Keywords: Unsupervised Learning, Deep Learning, Generative Modeling, Computer Vision, 3D Shape
TL;DR: Replication of GAN2Shape: an unsupervised 3D extraction method using pre-trained StyleGAN2 models.
Abstract: SCOPE OF REPRODUCIBILITY Pan et al. propose an unsupervised method named GAN2Shape that purportedly is able to recover 3D information stored in the weights of a pre-trained StyleGAN2 model, to produce 3D shapes from 2D images. We aim to reproduce the 3D shape recovery and identify its strengths and weaknesses. METHODOLOGY We re-implement the method proposed by Pan et al. with regards to 3D shape reconstruction, and extend their work.

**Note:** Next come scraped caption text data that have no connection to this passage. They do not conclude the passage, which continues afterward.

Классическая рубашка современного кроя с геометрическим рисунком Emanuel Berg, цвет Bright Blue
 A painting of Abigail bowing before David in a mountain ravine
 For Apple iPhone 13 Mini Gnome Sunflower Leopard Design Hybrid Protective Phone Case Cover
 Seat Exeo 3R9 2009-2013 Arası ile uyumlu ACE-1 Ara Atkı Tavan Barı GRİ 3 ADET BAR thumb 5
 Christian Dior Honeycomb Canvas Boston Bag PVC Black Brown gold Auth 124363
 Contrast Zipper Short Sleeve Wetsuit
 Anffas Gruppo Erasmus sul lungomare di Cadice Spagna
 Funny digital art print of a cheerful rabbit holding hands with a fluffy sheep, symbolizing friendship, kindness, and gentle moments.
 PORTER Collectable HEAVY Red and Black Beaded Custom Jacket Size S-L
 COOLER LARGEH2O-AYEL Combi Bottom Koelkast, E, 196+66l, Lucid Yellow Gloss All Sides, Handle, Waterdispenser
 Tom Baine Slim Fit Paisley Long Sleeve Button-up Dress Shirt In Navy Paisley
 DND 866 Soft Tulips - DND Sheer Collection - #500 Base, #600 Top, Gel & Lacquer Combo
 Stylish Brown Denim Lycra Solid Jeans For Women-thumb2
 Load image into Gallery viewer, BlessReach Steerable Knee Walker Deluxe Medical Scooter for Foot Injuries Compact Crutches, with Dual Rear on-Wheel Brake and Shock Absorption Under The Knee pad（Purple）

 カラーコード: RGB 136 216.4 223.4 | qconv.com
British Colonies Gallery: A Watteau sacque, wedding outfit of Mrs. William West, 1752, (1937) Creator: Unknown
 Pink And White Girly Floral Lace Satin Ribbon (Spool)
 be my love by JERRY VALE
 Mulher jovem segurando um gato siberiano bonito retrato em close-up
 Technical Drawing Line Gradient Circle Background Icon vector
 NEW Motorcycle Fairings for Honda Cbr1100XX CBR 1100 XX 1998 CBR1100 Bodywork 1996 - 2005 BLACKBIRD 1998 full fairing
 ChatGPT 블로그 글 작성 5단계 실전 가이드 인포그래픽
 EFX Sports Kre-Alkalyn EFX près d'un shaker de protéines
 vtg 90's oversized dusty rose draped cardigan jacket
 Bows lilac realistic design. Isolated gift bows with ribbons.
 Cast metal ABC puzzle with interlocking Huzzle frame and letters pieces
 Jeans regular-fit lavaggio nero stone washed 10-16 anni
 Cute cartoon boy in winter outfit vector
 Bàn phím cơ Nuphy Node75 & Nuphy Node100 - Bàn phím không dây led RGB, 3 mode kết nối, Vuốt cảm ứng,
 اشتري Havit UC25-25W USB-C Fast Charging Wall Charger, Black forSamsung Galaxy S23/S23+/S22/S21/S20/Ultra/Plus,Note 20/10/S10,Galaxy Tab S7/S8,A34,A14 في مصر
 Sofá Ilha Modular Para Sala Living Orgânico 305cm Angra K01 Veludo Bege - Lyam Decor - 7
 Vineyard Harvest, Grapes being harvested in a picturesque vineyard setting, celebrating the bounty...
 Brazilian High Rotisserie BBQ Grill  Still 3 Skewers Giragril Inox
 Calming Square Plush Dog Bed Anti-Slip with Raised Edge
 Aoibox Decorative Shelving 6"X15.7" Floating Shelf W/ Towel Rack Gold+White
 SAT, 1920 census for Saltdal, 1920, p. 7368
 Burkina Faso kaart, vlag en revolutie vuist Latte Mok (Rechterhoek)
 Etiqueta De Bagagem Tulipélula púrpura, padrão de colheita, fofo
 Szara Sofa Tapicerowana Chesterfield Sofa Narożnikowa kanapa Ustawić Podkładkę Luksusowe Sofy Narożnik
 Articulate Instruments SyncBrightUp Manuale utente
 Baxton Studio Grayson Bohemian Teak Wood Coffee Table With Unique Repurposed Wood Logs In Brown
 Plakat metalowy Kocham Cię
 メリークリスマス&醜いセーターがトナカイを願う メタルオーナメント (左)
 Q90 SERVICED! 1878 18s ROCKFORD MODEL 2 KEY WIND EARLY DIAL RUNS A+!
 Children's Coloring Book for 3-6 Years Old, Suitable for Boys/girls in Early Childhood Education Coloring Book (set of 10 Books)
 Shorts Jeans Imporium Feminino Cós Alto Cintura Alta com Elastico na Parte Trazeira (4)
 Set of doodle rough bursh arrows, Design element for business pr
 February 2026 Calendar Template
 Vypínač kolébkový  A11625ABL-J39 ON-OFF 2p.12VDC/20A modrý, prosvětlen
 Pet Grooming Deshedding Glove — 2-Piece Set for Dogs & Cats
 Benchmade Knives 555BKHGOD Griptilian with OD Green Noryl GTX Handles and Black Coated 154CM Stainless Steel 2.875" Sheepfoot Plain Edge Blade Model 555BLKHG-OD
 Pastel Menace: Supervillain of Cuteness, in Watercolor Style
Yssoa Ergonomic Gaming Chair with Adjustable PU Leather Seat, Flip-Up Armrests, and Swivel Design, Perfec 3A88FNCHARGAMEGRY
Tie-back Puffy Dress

Our extensions include novel prior shapes and two new training techniques. Our code is available at https://anonymous.4open.science/r/GAN-2D-to-3D-03EF. While the code-base relating to GAN2Shape was largely rewritten, many external dependencies, which the original authors relied on, had to be imported. The project used 189 GPU hours in total, mostly using a single Nvidia K80, T4 or P100 GPU, and a negligible number of runs on a Nvidia V100 GPU. RESULTS We replicate the results of Pan et al. on a subset of the LSUN Cat, LSUN Car and CelebA datasets and observe varying degrees of success. We perform several experiments and illustrate the successes and shortcomings of the method. Our novel shape priors improve the 3D shape recovery in certain cases where the original shape prior was unsuitable. Our generalized training approach shows initial promise but has to be confirmed with increased computational resources. WHAT WAS EASY? The original code is easily runnable on the correct machine type (Linux operating system and CUDA 9.2 compatible GPU) for the specific datasets used by the authors. WHAT WAS DIFFICULT? Porting the model to a new dataset, problem setting or a different machine type is far from trivial. The poor cohesion of the original code makes interpretation very difficult, and that is why we took care to re-implement many parts of the code using the decoupling principle. The code depends on many external implementations which had to be made runnable, which caused a significant development bottleneck as we developed on Windows machines (contrary to the authors). The exact loss functions and the number of training steps were not properly reported in the original paper, which meant it had to be deduced from their code. Certain calculations required advanced knowledge of light-transport theory, which had no familiarity to us, and had to be mimicked and could not be verified. COMMUNICATION WITH THE ORIGINAL AUTHORS We did not communicate with the original authors.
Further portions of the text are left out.